The spore laccase enzyme production by B. amyloliquefaciens was optimized. It was characterized and tested for its textile dye decolorization potential. LB medium was found to be the most promising growth medium with addition of glucose (1–2%), yeast extract (0.1%), FeCl₃ (0.01 mM) and MnCl₂ (0.001 mM). The optimum spore laccase production was at pH 8, 30 °C, 1:5 medium to air ratio, 2% inoculum size and 7 days incubation. The characterization study of the enzyme showed the maximum activity at 60 °C and pH 6–7.5. It was induced by Ca⁺², Mg⁺², Fe⁺³, Zn⁺², Cu⁺² and Na⁺ at 1 mM concentration. Also, it was stable in the presence of methanol, ethanol, acetone and chloroform. In addition, it enhanced about 34% by 5 mM H₂O₂ and it was nearly stable at 10–20 mM H₂O₂. Furthermore, mediators such as ABTS, syrengaldazine and 2, 6 dimethyl phenol enhanced the spore laccase activity. The spore laccase enzyme efficiently decolorized direct red 81 and acid black 24 after 24 h.
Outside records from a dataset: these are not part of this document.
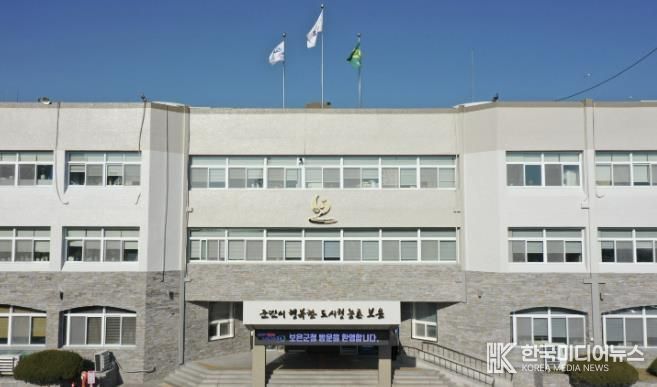 보은군청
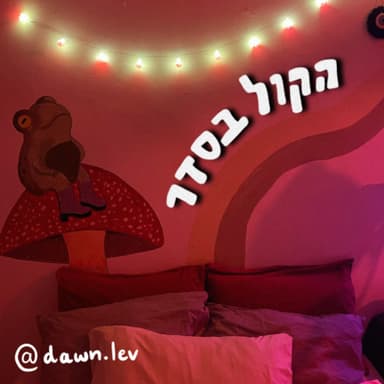 פרק 4 - לייף האקס || קללות || שירה ע״י המשוררת ״דון לב״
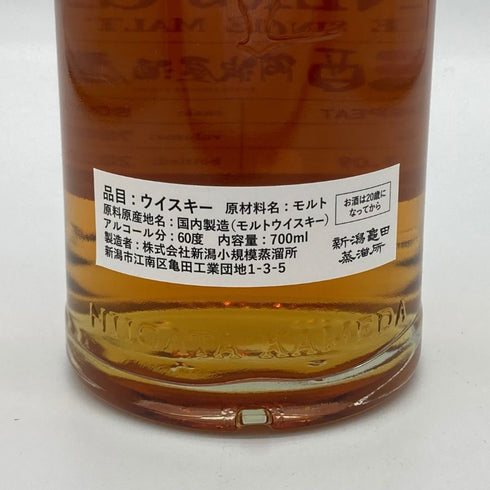 東京都限定◆新潟 亀田蒸留所 オーナーズカスク シングルモルト ウイスキー 700ml 60% KAMEDA 【L1】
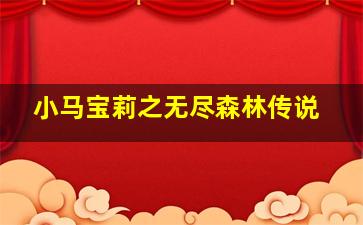 女人四十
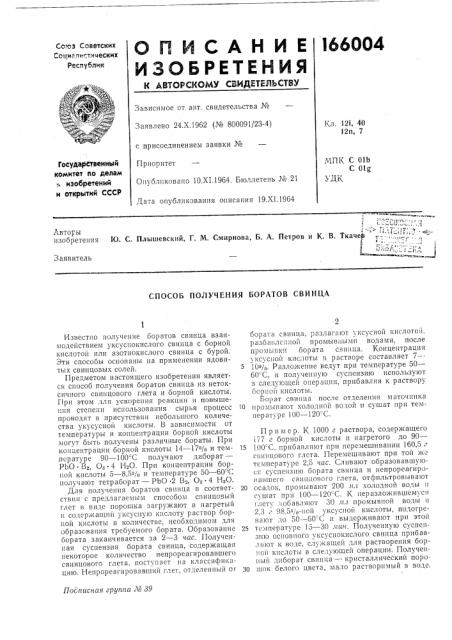 Способ получения боратов свинца (патент 166004)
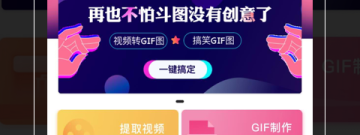 使用安全的影音播放app合集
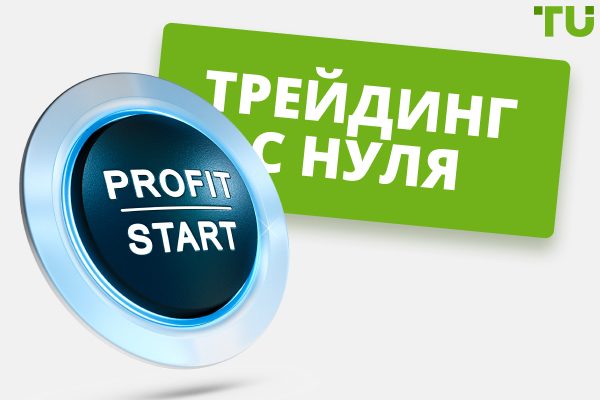 Трейдинг с нуля: топ-5 обучающих курсов для новичков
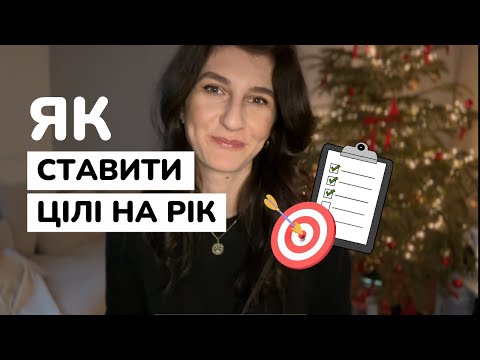 Видео: ЯК ПОСТАВИТИ ЦІЛІ НА РІК, ЩОБ ЇХ ДОСЯГТИ | лайфхаки, методи, планування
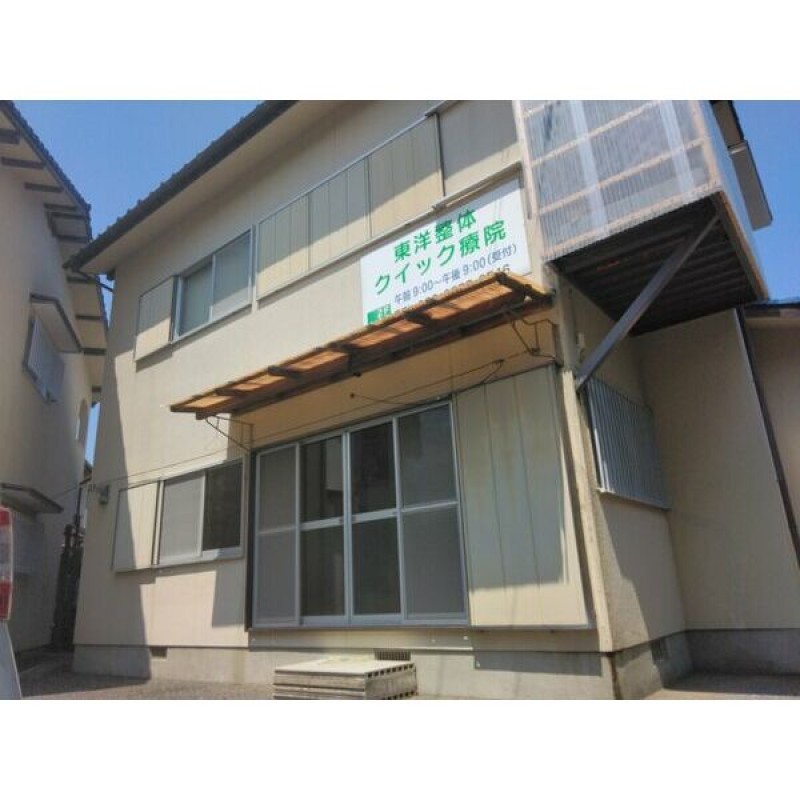 ピックアップ物件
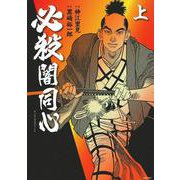 必殺闇同心　上 [コミック]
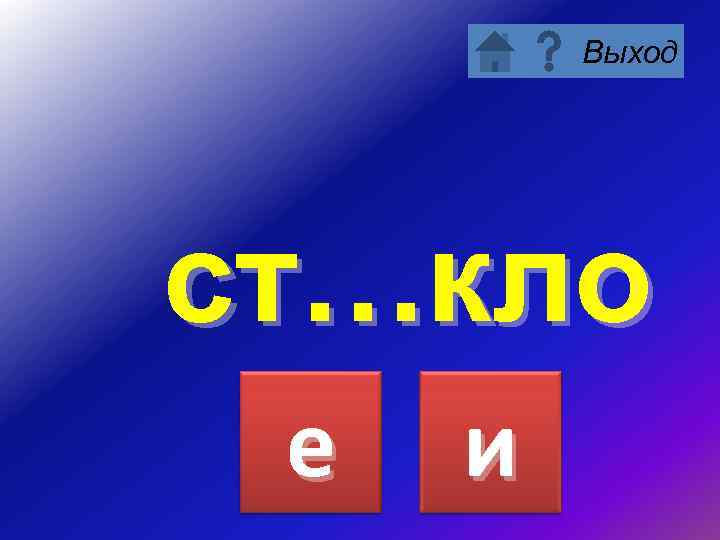 Выход ст…кло е и 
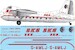 Bristol 170 Freighter MK31 (BKS Air Transport of  London) 72-0201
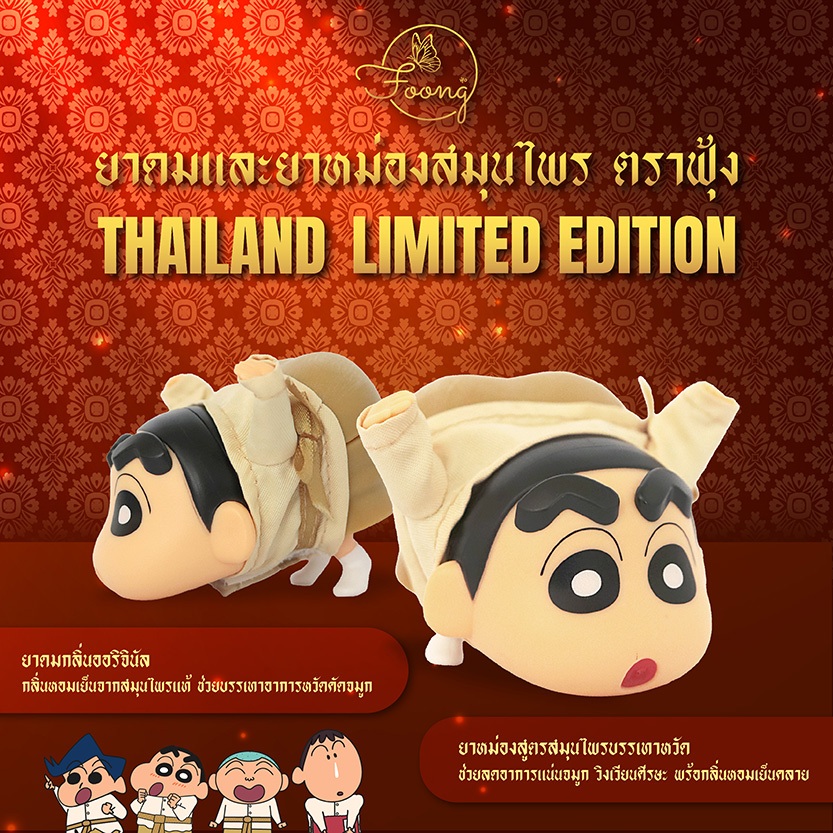 ยาดมและยาหม่องตราฟุ้ง 2IN1 THAILAND LIMITED EDITION ชุดไทย กลิ่นออริจินัล สมุนไพรบรรเทาหวัด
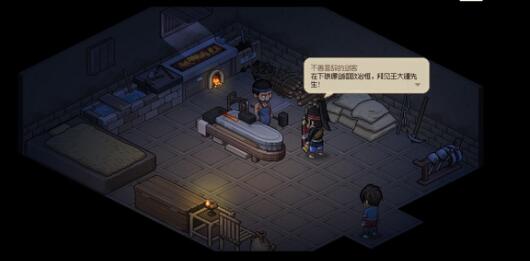 大侠立志传物品id代码最新一览 大侠立志传物品id代码最新一览
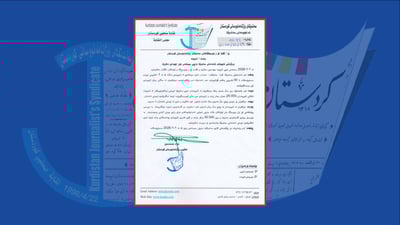 “هەر ئەندامێك پێنج ساڵ ئابونە نەدات ناوی لە لیستی ئەندامان لادەدرێت”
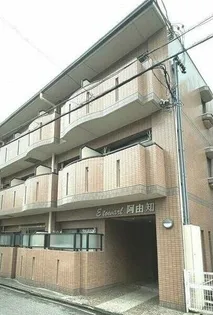 エトワール阿由知 A棟の画像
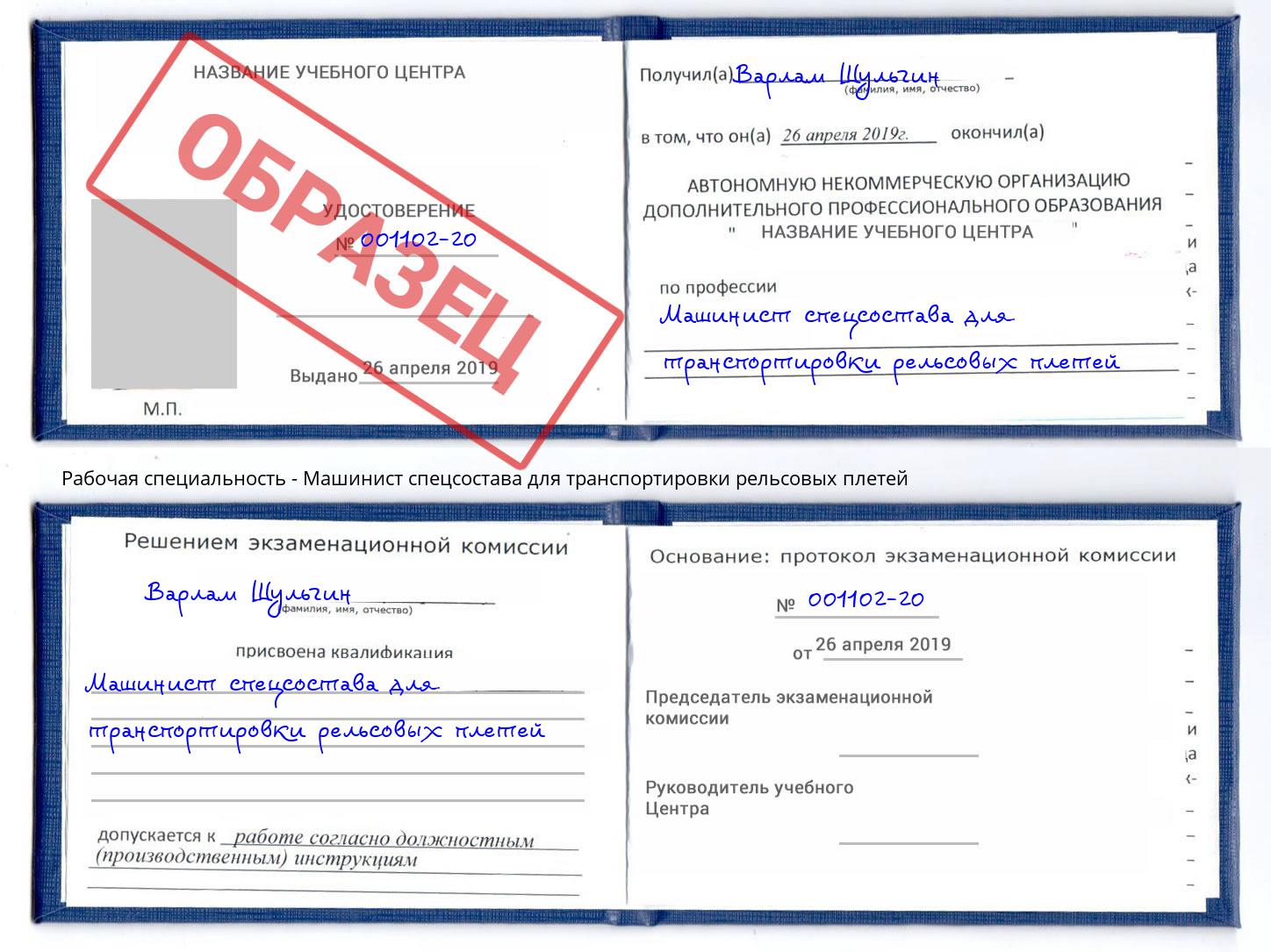 Машинист спецсостава для транспортировки рельсовых плетей Кызыл
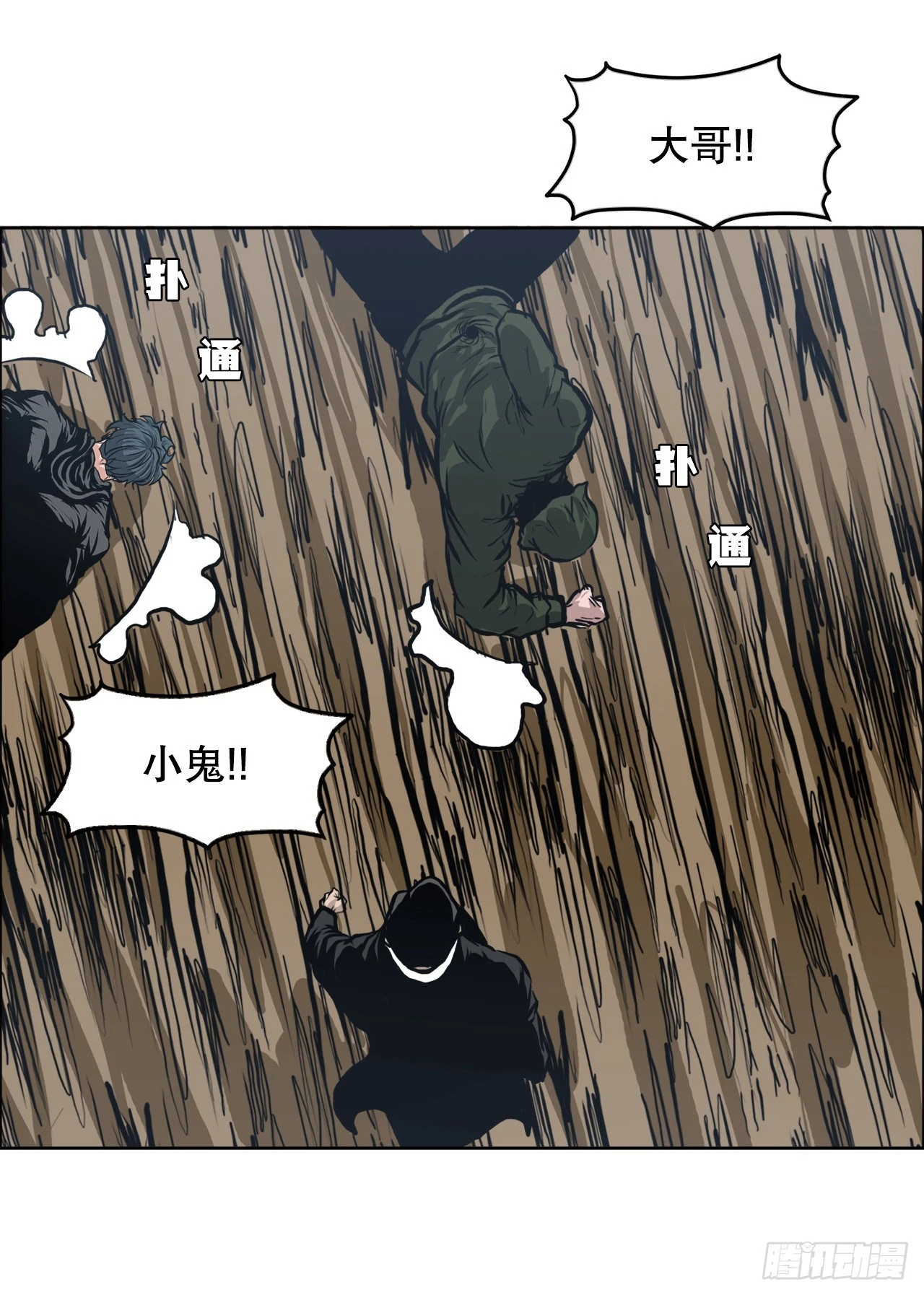 第 23 页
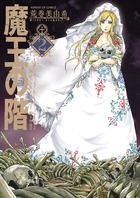 魔王の階 ２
Phytotoxicity of the direct red 81 solution after decolorization by tested spore laccase was lower than that of the untreated dye solution. Finally, this study added a promising spore laccase candidate for ecofriendly and cost-effective dye wastewater bio-decolorization.

摘要

优化了解淀粉芽孢杆菌的孢子漆酶生产。对其进行了表征并测试了其纺织品染料的脱色潜力。发现LB培养基是最有前途的生长培养基，添加了葡萄糖（1-2％），酵母提取物（0.1％），FeCl ₃（0.01 mM）和MnCl ₂（0.001 mM）。最佳的孢子漆酶生产条件是在pH 8、30°C，中空比为1：5、2％接种量和7天孵育的情况下。对该酶的表征研究表明，在60°C和pH 6–7.5时具有最大活性。Ca ⁺²，Mg ⁺²，Fe ⁺³，Zn ⁺²，Cu ⁺²和Na ⁺诱导浓度为1 mM。而且，它在甲醇，乙醇，丙酮和氯仿存在下稳定。此外，它通过5 mM H ₂ O ₂增强了约34％，在10–20 mM H ₂ O ₂处几乎稳定。此外，诸如ABTS，syrengaldazine和2，6二甲基苯酚之类的介质可增强孢子漆酶活性。孢子漆酶在24小时后有效地使直接红81和酸性黑24脱色。经测试的孢子漆酶脱色后，直接红81溶液的植物毒性低于未处理的染料溶液。最后，这项研究为生态友好和具有成本效益的染料废水生物脱色添加了有希望的孢子漆酶候选物。